History & Mission

In 1977, Donna Gerstenberger, the first Editor of The Seattle Review and then Chairperson of the English Department at the University of Washington, founded The Seattle Review as a gesture of faith: in writers, in readers, and in the role a “reasonable and productive” literary journal might play in bringing them together. She envisioned a national publication that would honor fiction and poetry equally.

Seattle, then as now, was a center of excellence in the literary arts. Gerstenberger turned to Charles Johnson as the first Fiction Editor and Nelson Bentley as the first Poetry Editor. William Matthews contributed the journal’s unassuming hyponym. Early issues of The Seattle Review published work by luminaries Denise Levertov, Tess Gallagher, William Stafford, and David Wagoner.

For the last two decades, Colleen J. McElroy has stewarded The Seattle Review, first as Poetry Editor, then as Editor-in-Chief. The Seattle Review has grown into a handsome, full-color, perfect bound publication, appearing twice a year with an international selection of poetry, fiction, nonfiction and visual art. Some of the writers recently published include Sharon Olds, Diane Wakoski, Al Young, Carolyn Kizer, Marilyn Hacker, Yusef Komunyakaa, and Grace Paley.

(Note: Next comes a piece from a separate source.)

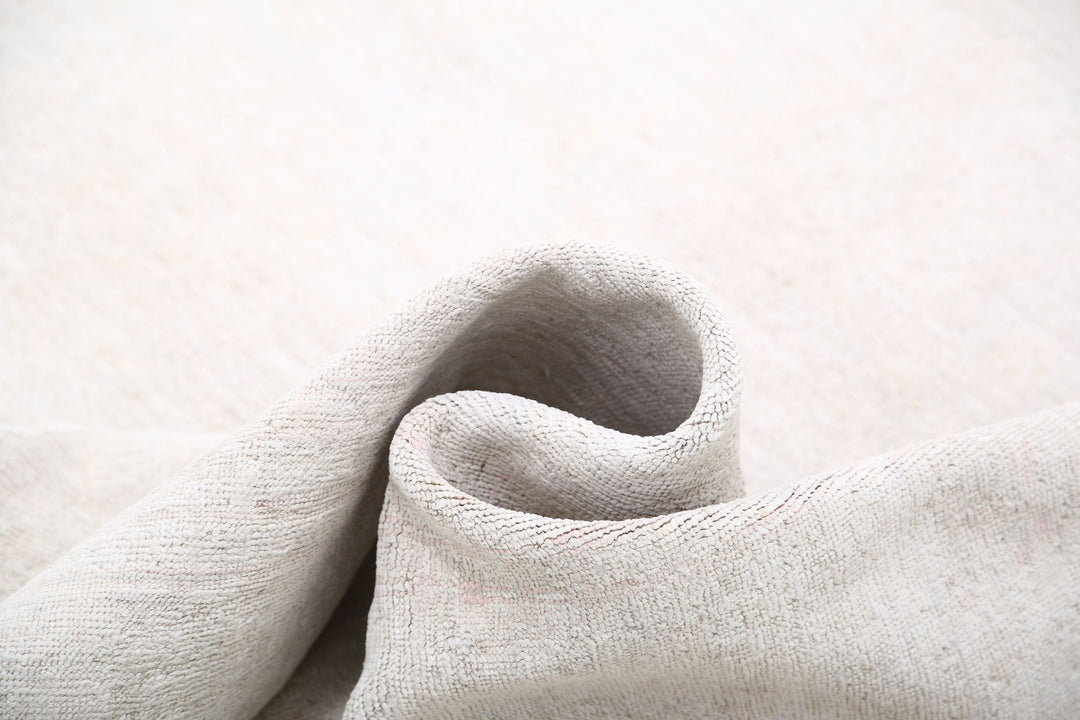 Hand Knotted Fine Serenity Wool Rug 5' 7" x 8' 9" - No. AT30585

The Seattle Review awards the Editor’s Choice Prize in Nonfiction, the Nelson Bentley Prize in Fiction and Poetry, and the Perry Lee and Ann Belle Prize for the best work published in its pages the preceding year. Recently, The Seattle Review Annual Fiction and Poetry Contest was established as an open contest by submission and to celebrate the 30th anniversary of The Seattle Review, the University of Washington Press published an anthology Page to Page: Retrospectives from The Seattle Review. This tribute offers readers the opportunity to look back over many of their favorite issues.  Most recently, Andrew Feld has assumed the role of Editor-in-Chief and he is committed to making The Seattle Review a journal with a local as well as national presence.

Throughout our history and our growth, we have kept our faith in the common and uncommon word. We invite you to share that faith.